Reputation: 8009
I want to plot fee as a percentage of income fee_per_inc
for each income year_hh_inc
quintile.
this is what I have so far:
pacman::p_load(RCurl, plm, tibble, ggplot2, AER, dplyr, car, arm, broom, tidyr, fastDummies, dummies)
x <- getURL("https://raw.githubusercontent.com/dothemathonthatone/maps/master/main_test.csv")
maindf <- read.csv(text = x, row.names=NULL)
maindf <- maindf %>%
mutate(category = cut(year_hh_inc, breaks = (quantile(year_hh_inc, c(0, 1 / 5, 2 / 5, 3 / 5, 4 / 5, 1), na.rm = TRUE)), labels = c("first_quint", "second_quint", "third_quint", 'fourth_quint', 'fifth_quint'), include.lowest = TRUE), vals = 1) %>%
pivot_wider(names_from = category, values_from = vals, values_fill = list(vals = 0))
box <- boxplot(maindf$year_hh_inc ~ maindf$fee_per_inc, col = 3:5)

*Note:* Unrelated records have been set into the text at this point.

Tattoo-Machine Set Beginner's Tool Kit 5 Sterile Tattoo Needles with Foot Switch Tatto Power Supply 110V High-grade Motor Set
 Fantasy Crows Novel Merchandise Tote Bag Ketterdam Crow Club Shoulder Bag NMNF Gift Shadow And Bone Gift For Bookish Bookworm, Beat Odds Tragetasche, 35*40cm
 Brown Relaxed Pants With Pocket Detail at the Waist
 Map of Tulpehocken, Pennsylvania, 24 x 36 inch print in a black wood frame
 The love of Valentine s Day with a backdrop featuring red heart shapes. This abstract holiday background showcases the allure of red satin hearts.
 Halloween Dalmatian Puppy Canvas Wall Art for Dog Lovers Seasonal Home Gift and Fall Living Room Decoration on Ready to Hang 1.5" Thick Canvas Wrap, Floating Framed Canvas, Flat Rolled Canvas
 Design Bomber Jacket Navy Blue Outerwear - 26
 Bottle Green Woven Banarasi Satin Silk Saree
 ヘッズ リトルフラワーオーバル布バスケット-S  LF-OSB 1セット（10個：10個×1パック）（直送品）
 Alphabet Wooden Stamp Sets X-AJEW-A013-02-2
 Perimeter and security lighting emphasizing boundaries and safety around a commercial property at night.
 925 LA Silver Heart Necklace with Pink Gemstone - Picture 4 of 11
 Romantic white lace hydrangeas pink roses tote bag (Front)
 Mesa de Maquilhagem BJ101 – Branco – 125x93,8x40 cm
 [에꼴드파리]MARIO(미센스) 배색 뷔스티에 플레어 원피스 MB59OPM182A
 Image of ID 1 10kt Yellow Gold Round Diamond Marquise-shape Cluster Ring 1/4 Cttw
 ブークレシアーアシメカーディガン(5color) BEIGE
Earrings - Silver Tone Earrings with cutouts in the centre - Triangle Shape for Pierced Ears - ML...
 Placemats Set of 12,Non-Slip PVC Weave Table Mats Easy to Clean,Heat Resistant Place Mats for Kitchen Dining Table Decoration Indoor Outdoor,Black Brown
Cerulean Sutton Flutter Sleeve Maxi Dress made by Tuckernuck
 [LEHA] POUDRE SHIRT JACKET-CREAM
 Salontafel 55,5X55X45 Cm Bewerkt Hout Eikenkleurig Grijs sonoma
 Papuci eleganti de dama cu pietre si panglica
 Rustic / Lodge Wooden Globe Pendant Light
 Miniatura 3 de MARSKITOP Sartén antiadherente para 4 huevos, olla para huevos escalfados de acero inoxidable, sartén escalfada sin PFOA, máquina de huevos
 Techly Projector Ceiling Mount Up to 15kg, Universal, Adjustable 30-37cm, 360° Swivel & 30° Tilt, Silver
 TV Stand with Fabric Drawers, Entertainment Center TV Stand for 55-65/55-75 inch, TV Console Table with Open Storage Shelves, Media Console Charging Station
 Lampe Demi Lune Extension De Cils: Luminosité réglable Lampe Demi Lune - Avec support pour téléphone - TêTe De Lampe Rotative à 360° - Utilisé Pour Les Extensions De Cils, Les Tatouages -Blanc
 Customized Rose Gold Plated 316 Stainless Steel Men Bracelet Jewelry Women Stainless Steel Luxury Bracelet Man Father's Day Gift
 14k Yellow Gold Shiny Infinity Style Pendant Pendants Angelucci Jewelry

This is what I would like as an end result:
I think I have a bit more work to do; any help from this point is appreciated.
Upvotes: 1
Views: 167
Reputation: 173793
I think there were a couple of problems here. You need the boxplot to have the variables the other way round. Also, you need to use the category
variable that you created in mutate instead of the original variable. Lastly, you don't need the pivot_wider
.
Some of the values were also way outside the useful range and may have been wrong (some numbers were -8), so I have trimmed the outliers to make the graph prettier. You'll want to check the original data to see whether this makes sense.
pacman::p_load(RCurl, plm, tibble, ggplot2, AER, dplyr, car, arm, broom, tidyr, fastDummies, dummies)
x <- getURL("https://raw.githubusercontent.com/dothemathonthatone/maps/master/main_test.csv")
maindf <- read.csv(text = x, row.names=NULL)
maindf <- maindf %>%
mutate(category = cut(year_hh_inc,
breaks = (quantile(year_hh_inc, c(0, 1/5, 2/5, 3/5, 4/5, 1), na.rm = TRUE)),
labels = c("first_quint", "second_quint", "third_quint",
'fourth_quint', 'fifth_quint'),
include.lowest = TRUE),
vals = 1)
maindf <- maindf[maindf$fee_per_inc > 0 & maindf$fee_per_inc < 0.01, ]
box <- boxplot(maindf$fee_per_inc ~ maindf$category, col = 3:5)
Created on 2020-03-03 by the reprex package (v0.3.0)
Upvotes: 1